We are facing two issues in a specific Dataflow pipeline. First, the pipeline is not generating logs at any stage of Apache Beam: neither the logs from the processing itself nor the ones I manually inserted into the steps. Additionally, we do not have information about input and output elements in the “Step Information” tab. However, we know the data is arriving, as the “Data Update by Steps” chart confirms the data is being received.
The second issue relates to sending data to the Pub/Sub topic. The “Push” subscription is able to receive messages, but the subscription configured to send data to BigQuery is not working. Some messages are being redirected to the Dead Letter topic, which also has a subscription for the same table as the original topic, aiming to ensure that the messages reach the database. However, the ideal scenario would be to have a single topic with a fully functional subscription.
Regarding the integration of the Dataflow pipeline with Pub/Sub delivery, although the data is theoretically formatted for delivery, we cannot be entirely sure that the formatting is correct, as there is no confirmation of arrival—neither through logs, the topic itself, nor the subscription.
Multiple issues on your Dataflow pipeline based on Apache Beam can stem from various reasons. Here are some suggestions that may help resolve the issues in your Dataflow pipeline:
Issue #1: Pipeline not generating Logs:
Log Exclusion Filter: Ensure that there are no exclusion filters containing resource.type=“dataflow_step” in your logs router.
_Default sink: Ensure that _Default sink is enabled in Cloud Logging.
Log Levels: Check if worker log levels are properly configured in your pipeline code and ensure your log messages are set at the appropriate level.

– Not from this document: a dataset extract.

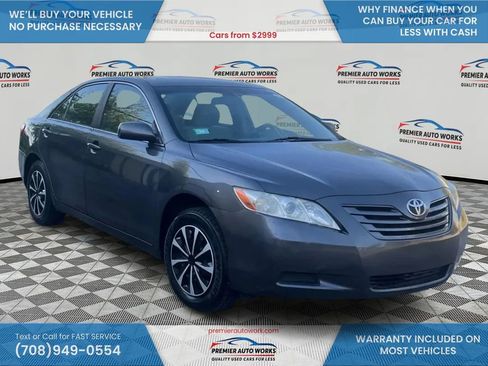 Used 2007 Toyota Camry LE FWD image 3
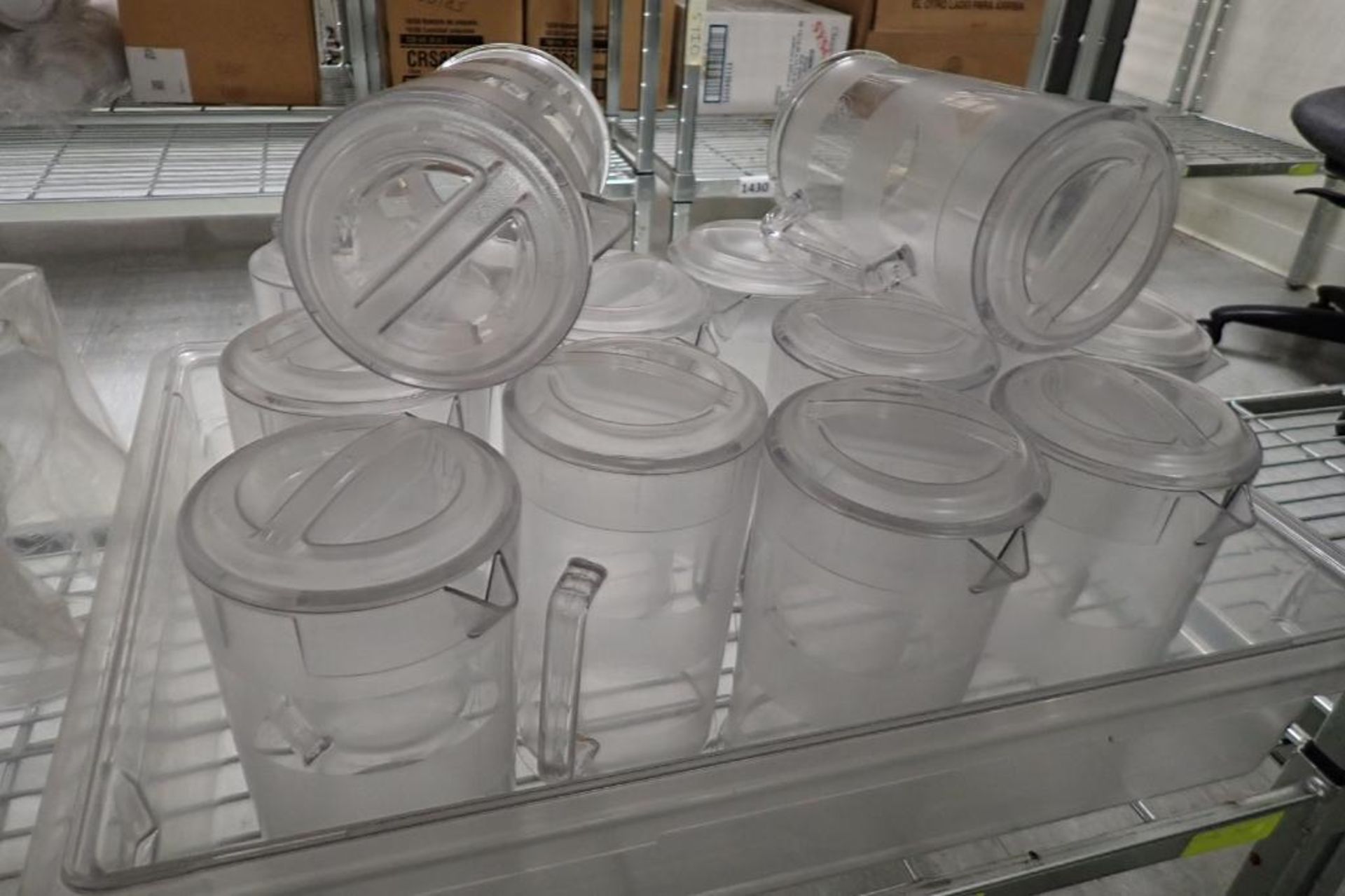 Assorted plastic beverage dispensers and pour pots - Image 3 of 4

Roles and Permissions: Ensure your service account running the Dataflow jobs has a proper IAM role that can write log entries. You can consider using roles/logging.logWriter.
Dead-letter Topic: Since some of your messages were being redirected to a dead-letter topic, this possibly suggests that there might be integration issues between your Pub/Sub and BigQuery. Ensure that there are no data format issues or schema mismatches between Pub/Sub data and BigQuery and use consistent field names and data types.
If the issue persists, I recommend reaching out to Google Cloud Support for further assistance, as they can provide insights into whether this behavior is specific to your project.